What All Women Should Know About Estrogen Therapy

Updated: Jun 18, 2020

Estrogen therapy has proven to provide relief for women who are suffering from estrogen imbalance. Changes in hormone levels can often lead to uncomfortable situations, from minor headaches to more serious symptoms, such as hot flashes, night sweats, or mood swings. Some women experience mild symptoms, while for other women estrogen and other hormone changes can impede daily life and disrupt activities more severely.

As a result, some women seek advice from their doctors; one possible treatment option to consider is estrogen therapy. There are many treatments available. Keep reading to find out more about estrogen therapy.
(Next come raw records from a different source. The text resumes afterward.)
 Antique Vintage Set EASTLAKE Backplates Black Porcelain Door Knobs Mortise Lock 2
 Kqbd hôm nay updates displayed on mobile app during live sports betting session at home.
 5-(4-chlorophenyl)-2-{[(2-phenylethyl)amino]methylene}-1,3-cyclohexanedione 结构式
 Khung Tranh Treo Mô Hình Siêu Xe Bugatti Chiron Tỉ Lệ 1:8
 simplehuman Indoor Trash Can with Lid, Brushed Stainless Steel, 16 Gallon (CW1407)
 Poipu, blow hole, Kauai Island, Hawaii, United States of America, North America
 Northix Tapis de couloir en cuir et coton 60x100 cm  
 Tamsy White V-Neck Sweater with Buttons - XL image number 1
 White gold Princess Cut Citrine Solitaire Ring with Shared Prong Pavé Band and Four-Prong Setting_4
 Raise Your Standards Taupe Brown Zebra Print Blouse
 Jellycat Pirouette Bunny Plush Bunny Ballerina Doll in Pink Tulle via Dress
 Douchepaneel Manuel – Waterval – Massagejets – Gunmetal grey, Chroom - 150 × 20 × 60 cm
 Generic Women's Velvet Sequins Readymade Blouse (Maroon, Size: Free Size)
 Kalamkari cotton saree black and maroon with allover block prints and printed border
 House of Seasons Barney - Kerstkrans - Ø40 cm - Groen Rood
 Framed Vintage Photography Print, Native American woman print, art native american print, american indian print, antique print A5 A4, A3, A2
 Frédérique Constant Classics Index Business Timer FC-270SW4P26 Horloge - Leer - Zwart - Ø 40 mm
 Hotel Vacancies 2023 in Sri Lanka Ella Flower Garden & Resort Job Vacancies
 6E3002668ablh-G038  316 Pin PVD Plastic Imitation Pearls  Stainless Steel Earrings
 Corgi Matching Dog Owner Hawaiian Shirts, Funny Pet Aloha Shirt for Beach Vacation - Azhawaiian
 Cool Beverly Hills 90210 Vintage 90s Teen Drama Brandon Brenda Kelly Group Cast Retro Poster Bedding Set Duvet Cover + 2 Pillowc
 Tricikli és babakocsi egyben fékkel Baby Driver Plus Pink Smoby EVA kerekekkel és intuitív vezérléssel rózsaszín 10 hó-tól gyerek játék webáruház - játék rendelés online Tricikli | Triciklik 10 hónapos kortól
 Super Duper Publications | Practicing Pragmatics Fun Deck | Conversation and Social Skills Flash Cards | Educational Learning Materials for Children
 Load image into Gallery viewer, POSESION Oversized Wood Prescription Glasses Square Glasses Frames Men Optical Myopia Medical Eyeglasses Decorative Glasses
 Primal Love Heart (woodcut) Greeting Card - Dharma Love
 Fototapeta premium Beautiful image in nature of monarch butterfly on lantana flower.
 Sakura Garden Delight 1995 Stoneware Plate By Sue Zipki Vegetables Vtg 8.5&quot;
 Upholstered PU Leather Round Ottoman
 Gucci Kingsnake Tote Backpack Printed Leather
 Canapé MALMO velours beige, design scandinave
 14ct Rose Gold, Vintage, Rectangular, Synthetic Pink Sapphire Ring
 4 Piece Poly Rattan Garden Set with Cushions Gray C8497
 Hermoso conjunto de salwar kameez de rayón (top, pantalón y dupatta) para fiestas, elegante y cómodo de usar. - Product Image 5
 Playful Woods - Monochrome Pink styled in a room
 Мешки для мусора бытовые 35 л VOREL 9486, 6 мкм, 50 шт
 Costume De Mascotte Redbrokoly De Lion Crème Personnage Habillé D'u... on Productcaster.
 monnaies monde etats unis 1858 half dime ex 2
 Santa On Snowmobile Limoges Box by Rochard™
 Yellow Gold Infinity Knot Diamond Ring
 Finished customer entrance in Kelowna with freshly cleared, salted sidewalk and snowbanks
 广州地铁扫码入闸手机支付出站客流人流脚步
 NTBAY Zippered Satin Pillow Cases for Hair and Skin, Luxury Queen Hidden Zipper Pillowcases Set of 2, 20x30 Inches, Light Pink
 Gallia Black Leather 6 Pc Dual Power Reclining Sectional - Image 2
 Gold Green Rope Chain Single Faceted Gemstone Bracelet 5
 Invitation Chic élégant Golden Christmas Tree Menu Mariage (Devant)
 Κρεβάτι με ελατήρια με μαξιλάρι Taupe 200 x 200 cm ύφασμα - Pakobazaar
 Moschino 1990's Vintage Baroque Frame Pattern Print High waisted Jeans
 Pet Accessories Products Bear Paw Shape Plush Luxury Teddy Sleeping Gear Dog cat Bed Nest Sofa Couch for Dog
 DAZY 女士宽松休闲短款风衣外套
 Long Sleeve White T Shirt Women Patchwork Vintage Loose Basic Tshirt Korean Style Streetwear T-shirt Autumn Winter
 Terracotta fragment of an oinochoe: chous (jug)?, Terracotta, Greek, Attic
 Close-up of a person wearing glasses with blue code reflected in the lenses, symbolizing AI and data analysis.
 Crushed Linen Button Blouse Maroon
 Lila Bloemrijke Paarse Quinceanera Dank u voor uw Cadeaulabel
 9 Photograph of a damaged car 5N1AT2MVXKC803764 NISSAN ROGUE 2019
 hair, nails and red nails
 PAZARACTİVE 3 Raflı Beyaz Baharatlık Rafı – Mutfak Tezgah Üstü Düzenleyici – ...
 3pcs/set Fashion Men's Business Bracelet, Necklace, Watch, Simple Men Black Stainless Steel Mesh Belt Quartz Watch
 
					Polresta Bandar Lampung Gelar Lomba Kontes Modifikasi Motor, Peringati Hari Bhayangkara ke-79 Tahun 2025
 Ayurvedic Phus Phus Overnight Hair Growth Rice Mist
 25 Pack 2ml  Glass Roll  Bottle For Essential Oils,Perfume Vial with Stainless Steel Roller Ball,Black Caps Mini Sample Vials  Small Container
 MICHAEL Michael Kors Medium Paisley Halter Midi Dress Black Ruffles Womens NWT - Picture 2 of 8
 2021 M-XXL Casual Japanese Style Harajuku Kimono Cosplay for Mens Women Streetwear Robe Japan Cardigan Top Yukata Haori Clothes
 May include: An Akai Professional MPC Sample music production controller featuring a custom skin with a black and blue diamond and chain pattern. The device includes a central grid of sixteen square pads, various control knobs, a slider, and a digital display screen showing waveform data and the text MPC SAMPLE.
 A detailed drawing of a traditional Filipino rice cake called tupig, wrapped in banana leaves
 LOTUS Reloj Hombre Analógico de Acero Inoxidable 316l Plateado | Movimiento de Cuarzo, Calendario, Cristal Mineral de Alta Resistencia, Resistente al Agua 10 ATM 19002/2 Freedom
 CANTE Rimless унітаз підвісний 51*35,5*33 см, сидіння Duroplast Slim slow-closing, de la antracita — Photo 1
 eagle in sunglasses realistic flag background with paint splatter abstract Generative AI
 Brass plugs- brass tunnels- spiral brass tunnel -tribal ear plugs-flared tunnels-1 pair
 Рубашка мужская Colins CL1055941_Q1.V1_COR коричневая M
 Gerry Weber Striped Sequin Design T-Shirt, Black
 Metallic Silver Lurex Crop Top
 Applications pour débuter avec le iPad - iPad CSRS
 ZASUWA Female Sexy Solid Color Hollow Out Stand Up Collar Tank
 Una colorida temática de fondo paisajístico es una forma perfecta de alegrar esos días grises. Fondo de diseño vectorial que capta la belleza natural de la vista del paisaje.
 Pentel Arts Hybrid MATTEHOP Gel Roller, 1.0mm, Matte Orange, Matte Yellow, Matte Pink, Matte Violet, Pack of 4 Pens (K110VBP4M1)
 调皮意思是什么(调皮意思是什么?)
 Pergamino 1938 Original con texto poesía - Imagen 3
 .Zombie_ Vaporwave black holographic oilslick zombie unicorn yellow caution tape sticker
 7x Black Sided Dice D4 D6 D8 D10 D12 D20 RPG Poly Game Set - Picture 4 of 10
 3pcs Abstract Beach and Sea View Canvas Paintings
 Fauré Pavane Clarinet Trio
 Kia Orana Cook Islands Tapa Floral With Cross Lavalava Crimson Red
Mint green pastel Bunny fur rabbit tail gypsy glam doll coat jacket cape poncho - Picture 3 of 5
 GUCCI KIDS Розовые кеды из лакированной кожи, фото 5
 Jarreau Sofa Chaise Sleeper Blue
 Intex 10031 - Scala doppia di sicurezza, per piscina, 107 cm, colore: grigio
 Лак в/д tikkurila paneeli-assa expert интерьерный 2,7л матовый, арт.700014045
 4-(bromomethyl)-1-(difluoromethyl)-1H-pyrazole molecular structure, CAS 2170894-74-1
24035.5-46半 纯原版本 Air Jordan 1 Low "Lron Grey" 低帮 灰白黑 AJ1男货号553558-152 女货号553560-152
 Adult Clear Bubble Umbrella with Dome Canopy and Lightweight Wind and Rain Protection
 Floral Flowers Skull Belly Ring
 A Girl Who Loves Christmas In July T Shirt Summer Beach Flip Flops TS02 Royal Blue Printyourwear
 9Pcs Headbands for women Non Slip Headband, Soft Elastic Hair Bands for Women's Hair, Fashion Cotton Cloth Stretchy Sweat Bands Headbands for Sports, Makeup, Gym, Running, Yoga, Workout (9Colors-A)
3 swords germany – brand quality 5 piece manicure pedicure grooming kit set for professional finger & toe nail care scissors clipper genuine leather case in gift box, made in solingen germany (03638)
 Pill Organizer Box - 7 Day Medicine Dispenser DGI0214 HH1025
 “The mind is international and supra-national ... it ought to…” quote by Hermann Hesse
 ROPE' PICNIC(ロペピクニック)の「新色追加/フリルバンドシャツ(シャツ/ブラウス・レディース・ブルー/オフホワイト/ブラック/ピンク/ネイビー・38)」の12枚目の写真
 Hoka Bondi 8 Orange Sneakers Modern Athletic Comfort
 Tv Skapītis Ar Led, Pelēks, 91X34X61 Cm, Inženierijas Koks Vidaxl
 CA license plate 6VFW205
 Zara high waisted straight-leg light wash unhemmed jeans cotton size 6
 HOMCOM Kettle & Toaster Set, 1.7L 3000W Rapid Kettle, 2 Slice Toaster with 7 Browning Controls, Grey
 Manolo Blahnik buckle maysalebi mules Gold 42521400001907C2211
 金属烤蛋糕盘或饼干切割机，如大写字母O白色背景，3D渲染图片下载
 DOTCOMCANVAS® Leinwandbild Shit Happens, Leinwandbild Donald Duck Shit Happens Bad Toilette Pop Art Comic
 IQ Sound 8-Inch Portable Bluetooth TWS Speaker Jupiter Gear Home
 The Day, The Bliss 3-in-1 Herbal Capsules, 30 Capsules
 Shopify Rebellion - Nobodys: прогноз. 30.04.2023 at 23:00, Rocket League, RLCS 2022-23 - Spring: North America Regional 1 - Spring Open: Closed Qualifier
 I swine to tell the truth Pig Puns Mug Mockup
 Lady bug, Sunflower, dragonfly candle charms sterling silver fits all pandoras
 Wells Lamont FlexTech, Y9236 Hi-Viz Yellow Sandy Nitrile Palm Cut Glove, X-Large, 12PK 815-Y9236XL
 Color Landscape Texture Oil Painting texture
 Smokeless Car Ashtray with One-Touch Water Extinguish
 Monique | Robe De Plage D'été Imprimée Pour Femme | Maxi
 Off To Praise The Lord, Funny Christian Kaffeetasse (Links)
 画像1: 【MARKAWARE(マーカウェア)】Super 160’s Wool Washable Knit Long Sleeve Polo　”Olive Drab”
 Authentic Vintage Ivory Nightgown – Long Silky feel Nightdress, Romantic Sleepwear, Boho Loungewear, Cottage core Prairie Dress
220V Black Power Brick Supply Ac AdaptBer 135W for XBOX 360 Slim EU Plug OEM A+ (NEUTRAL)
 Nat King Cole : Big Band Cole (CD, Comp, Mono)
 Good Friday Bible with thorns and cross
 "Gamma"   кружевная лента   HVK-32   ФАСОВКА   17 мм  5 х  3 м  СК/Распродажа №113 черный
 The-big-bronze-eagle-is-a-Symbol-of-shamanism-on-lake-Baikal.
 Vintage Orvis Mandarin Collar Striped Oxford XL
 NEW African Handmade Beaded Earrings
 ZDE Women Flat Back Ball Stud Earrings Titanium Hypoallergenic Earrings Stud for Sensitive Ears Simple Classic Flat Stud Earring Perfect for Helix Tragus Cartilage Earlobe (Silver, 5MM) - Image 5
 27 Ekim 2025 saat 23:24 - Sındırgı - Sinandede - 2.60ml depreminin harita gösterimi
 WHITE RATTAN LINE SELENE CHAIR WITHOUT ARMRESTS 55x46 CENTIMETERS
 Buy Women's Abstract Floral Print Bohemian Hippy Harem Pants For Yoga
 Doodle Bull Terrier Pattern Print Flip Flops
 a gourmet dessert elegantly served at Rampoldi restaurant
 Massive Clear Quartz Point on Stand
What Can Estrogen Therapy Do?

What All Women Should Know About Estrogen Therapy-2

Estrogen is the main sex hormone and is actually made of up three different hormones, estrone, estradiol, and estriol. Women who have low levels of estrogen might go through estrogen therapy to rebalance the hormones. This treatment introduces estrogen into the body to balance levels of this hormone.

What Are the Forms of Estrogen Therapy?

Generally, there are three different forms of treatment available:

  • Vaginal creams. Similar alternatives are available in gel form.
  • Oral therapy. Pills are the most popular form of ET.
  • Transdermal therapy. Patches provide slow release of hormones over the course of a month.

What Are the Most Common Estrogen Therapy Side Effects?

Side effects range from non-noticeable to severe. If a woman is experiencing any of these symptoms or if symptoms get worse, she should consult her doctor as soon as possible.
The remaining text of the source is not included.